Broken promises sound off-note between G8 and Africa

|PIC1|When African leaders meet their rich G8 counterparts next week the inevitable smiles will mask bitter disappointment over broken promises on both sides.

G8 nations are falling short of grand pledges they made at a summit in Gleneagles, Scotland, in 2005 to double aid to Africa by 2010. Western leaders are increasingly frustrated by Africa's lack of progress in tackling crises such as Darfur and Zimbabwe.

"I want to hold the G8 countries to their promise. When you sign a contract, you absolutely must stick to it," said Angelique Kidjo, a popular West African singer from Benin.

G8 aid to Africa will fall $40 billion (20 billion pounds) short of the Gleneagles pledge under current plans, according to a report last month by an Africa Progress Panel, which was set up to monitor implementation of the 2005 commitments.

But surging oil and food prices, an economic downturn in major G8 economies and tensions over world trade talks may push Africa down the agenda this time around.

Kidjo told Radio France International she and fellow anti-poverty campaigners like Irish rock stars Bono and Bob Geldof would be sending messages to G8 leaders - and they might even gate-crash the party at Hokkaido in Japan next week.

Geldof visited Sierra Leone last month to see for himself the impact of aid and private sector investment in the country ranked bottom of the most recent U.N. Human Development Index.

"While I'm no agriculture expert, something more has to be done here so that people are fed," Geldof said, describing Sierra Leone, part of what was once known as West Africa's 'Rice Coast' as "so green it makes Ireland look beige".

Geldof's prediction Africa would be "a giant economic power by 2040" might be a stretch, but there are reasons for optimism.

Japan, for example, has already met its Gleneagles pledges.

Sierra Leone will save $36 million this year thanks to debt relief, partly via a G8 scheme, and is using it to restore mains power which collapsed during a devastating 1991-2002 civil war.

But experts warn food inflation threatens to eat away at such progress as poor countries struggle to make ends meet.

"The rising cost of food must . play a central role during this year's G8, as currently 800 million of the poorest people on this planet cannot afford food because prices have risen by more than 40 percent," the Sierra Leone office of the British government's aid wing DfID said.

"If we don't deal with rising food prices the entire first Millennium Development Goal - to eradicate extreme poverty and hunger - will never be achieved," it said.

The U.N. Millennium Development Goals agreed in 2000 set out key targets to reduce world poverty by 2015, although many poor countries especially in Africa are not expected to achieve them.

TRADE TENSIONS

Rising food prices have also polarised positions over trade, just as World Trade Organisation talks on the "Doha Development Round" head to a key ministerial summit in late July intended to hammer out a long-delayed deal to liberalise global trade.

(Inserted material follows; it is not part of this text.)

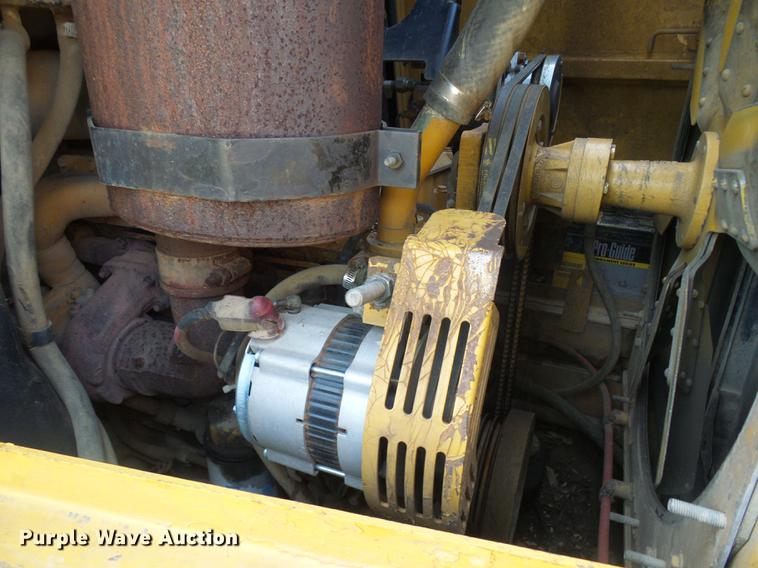 image for item DB2183 1998 Caterpillar 953C track loader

French President Nicolas Sarkozy, who assumed the rotating European Union presidency on Tuesday, has opposed dismantling EU agricultural subsidies which poor countries blame for keeping world prices low and for keeping their produce out of Europe.

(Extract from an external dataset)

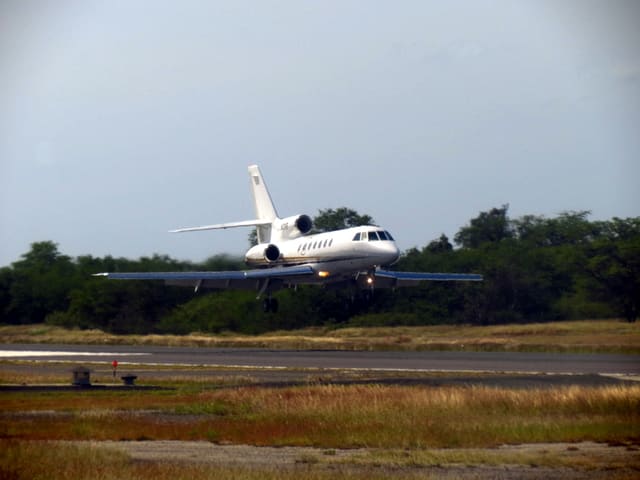 N3VF - Business jet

"What African agriculture wants is open market access to Europe, but what Sarkozy is arguing for is more protection . Western G8 countries are under pressure from their domestic constituencies on this ," Alex Vines, head of the Africa Programme at London's Chatham House thinktank, said.

The G8 groups Britain, Canada, France, Germany, Italy, Japan, Russia and the United States.

The elephant in the room is China, whose massive demand for oil and commodities has thrown state budgets and inflation planning into disarray by pushing up prices and whose aid and investment packages challenge the role of Western aid in Africa.

Eager to secure mineral supplies, China has ramped up its commitments in resource-rich countries like Angola and Sudan.

A proposed $9 billion Chinese investment programme in Democratic Republic of Congo has threatened to derail IMF aid, a condition for the G8's own Multilateral Debt Relief Initiative.

Rising prices for Africa's commodities exports and increased foreign investment should strengthen Africa's bargaining power vis a vis the G8 and the Western-dominated IMF and World Bank.

Yet several African leaders due to attend the Japan summit - the same group represented at Gleneagles in 2005 - will do so in a significantly weaker position than three years ago. This includes outgoing South African President Thabo Mbeki and Nigeria's Umaru Yar'Adua, who was elected in flawed polls last year.

That will do little to mitigate the perennial problem of such summits: their remoteness from the realities of poverty.

As Kaly Jalloh, an unemployed youth of 19, said in Sierra Leone's capital Freetown: "We don't know anything about aid, but we know that poverty is too much."